The details on the 1903 production and others such as the 1917 are found in Hatcher's Notebook who was in the Army's Ordnance section. What you are seeking is p. 212. Complete pdf found here
http://www.milsurps.com/content.php?r=439-Hatcher-s-Notebook-(by-Julian-S.-Hatcher) Warning, it is a large file about 90mb and will download slowly on a low bandwidth connection.
If you are thinking about buying some receivers and having them heat treated, that is something that is a specialty in and of itself and requires expensive equipment as well as training. It is not something for a home gunsmith to tackle. Ironically, you would actually do better building something more modern like an AK variant as the receivers on these are amenable to being made with relatively crude methods. It is similar for the AR which is why 80% lower receivers are in vogue. There are such threads on this on forums such as the AK files or ar15.com. In part, it is because these were designed from scratch to be easier to produce and require less skilled labor to do so.

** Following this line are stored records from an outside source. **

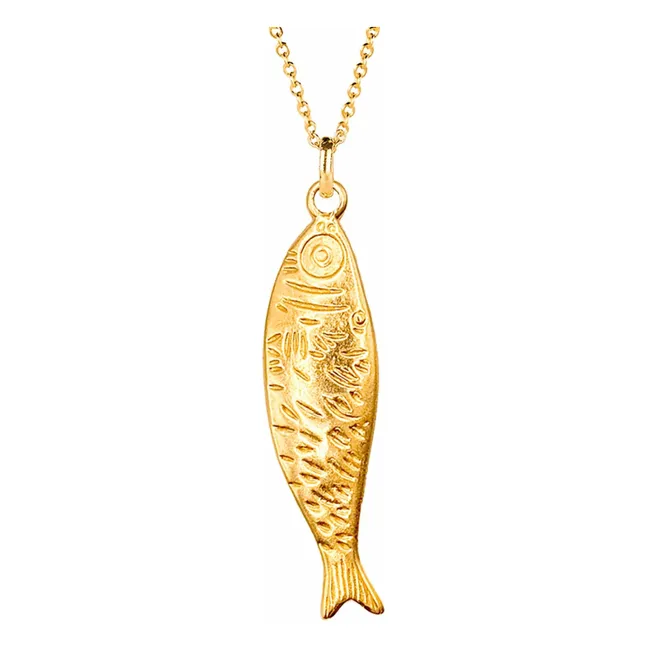 Collier Sardinas | Doré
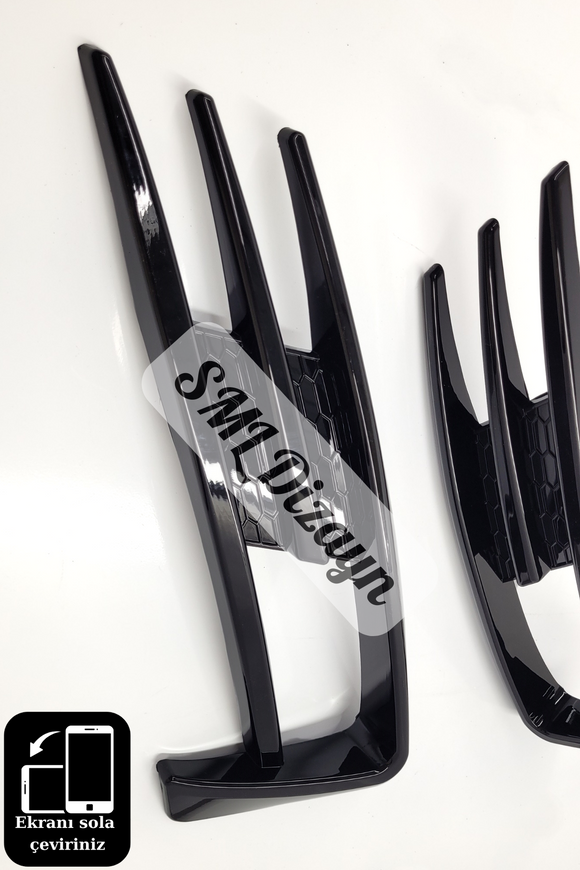 volkswagen golf 7 ön sis venti 3lü bıçak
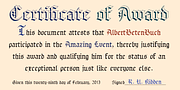 AlbertBetenbuch, a Blackletter Font by Ingrimayne Type (Thumbnail 2 of 5)
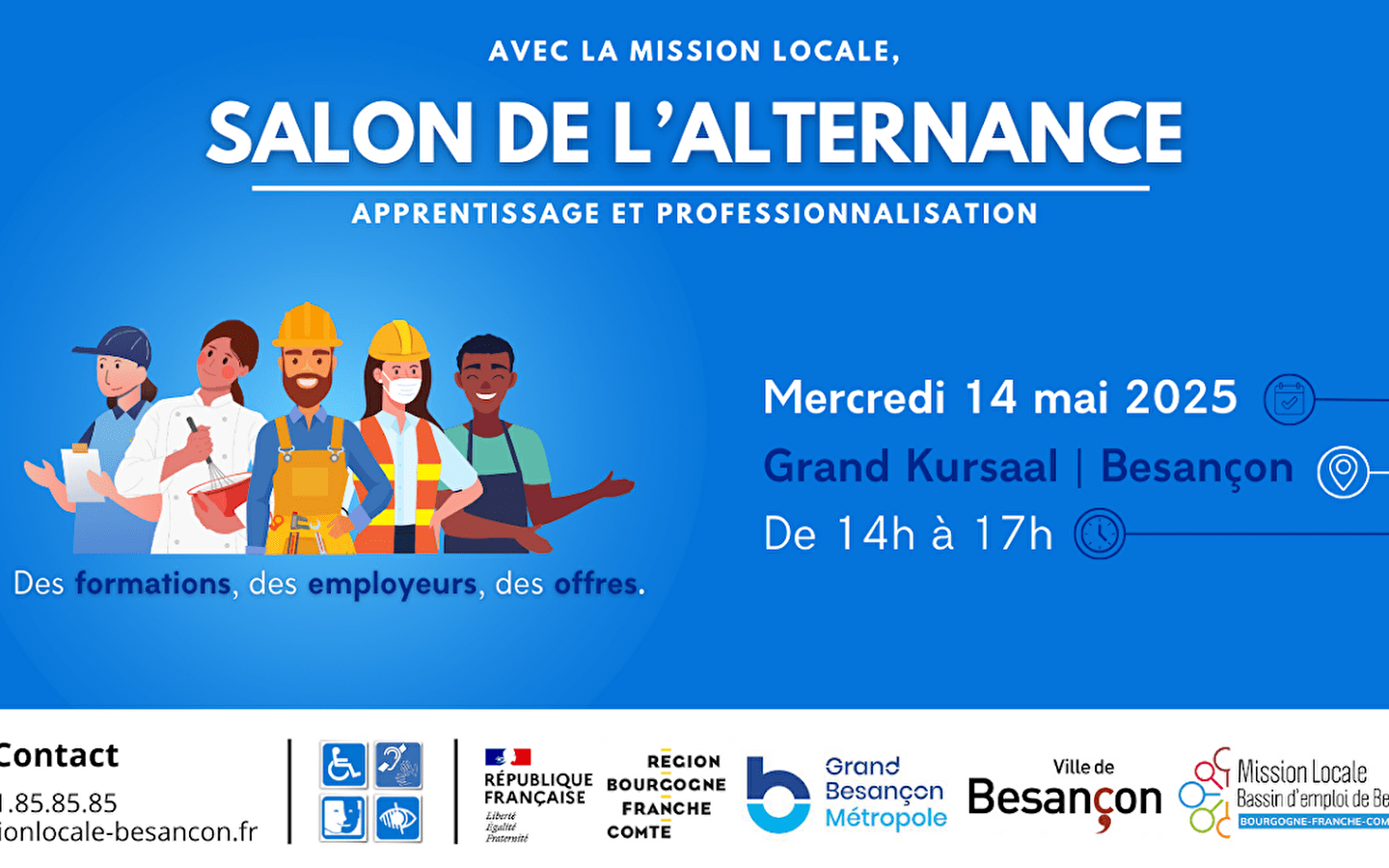 Salon de l'alternance (stage en professionalisering)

Imho, bolt action receivers or other forged receiver type products--M-1 Carbines/Garands, etc., are not amenable to home production unless you have access to some pretty expensive tools such as mills, lathes, precision drills, etc. If you were to do such, the easier ones to duplicate would still be something like the Remington 700 receivers that are basically tubes hollowed out by machining operations instead of machining receivers out of square solid billets. Some of the posters here could probably do such like MachIV Shooter etc. and others are on forums like the Practical Machinist's gunsmithing forum.

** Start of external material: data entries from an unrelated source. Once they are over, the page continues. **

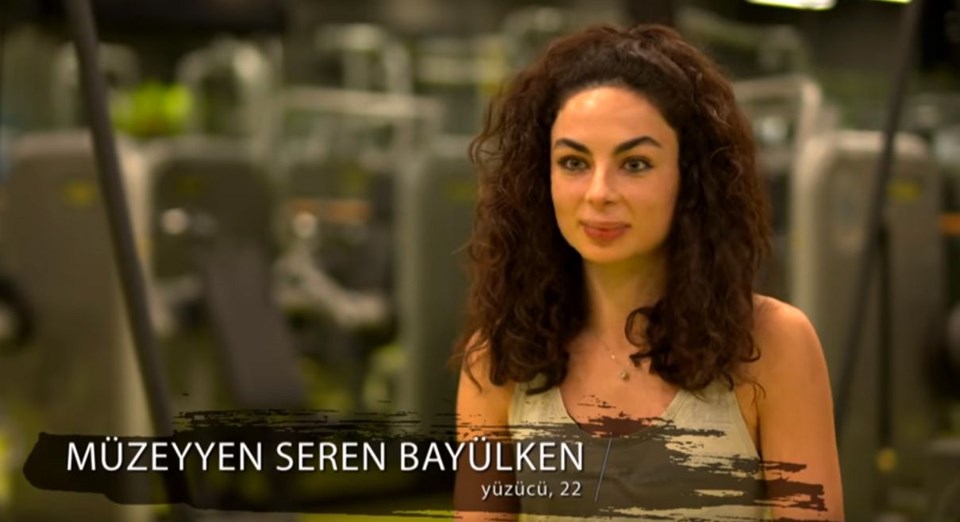 Who is the competitor of Survivor 2019 Müzeyyen Seren Bayülken?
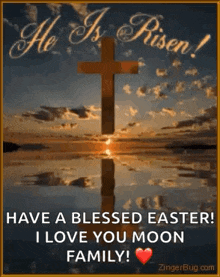 Happy Easter He Is Risen GIF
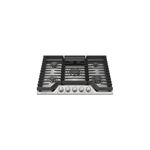 Frigidaire GCCG3048AS 30 Inch Gallery Series Gas Cooktop with 5 Sealed Burners, 18000 BTU Heating Power, Backlit LED Knobs, Quick Preheat, Cast Iron Grate (Stainless Steel)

Re cast receivers sold by Sarco and some comments about them. Some folks have had similar problems with their cast Garand receivers.

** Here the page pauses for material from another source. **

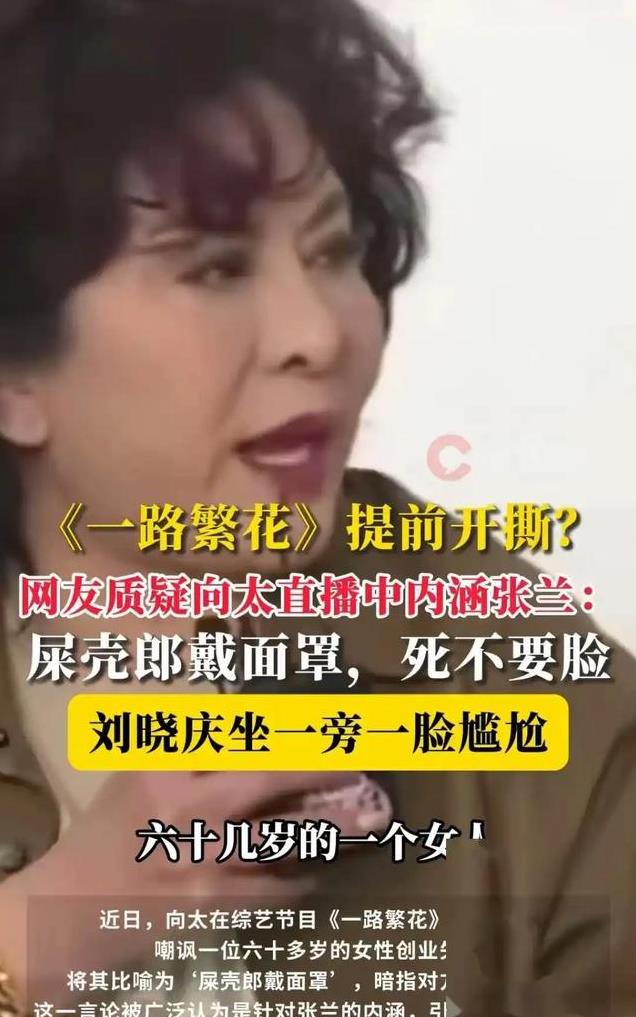 都是有仇必报的女人，向太和史晓燕正面开撕，张兰终于松了一口气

http://forums.thecmp.org/showthread.php?t=250471
Last but not least, occasionally you will see Springfield prototype 1901 receivers. To the best of my understanding, these were used to test machining, parts fit, etc. but the ones that you see around as loose receivers were most likely
NOT heat treated. These were sold for scrap but they do pop up every now and then on auction websites in varying degrees of completion. Tark, having access to the RIA Museum might know of some completed prototypes for trials before production began.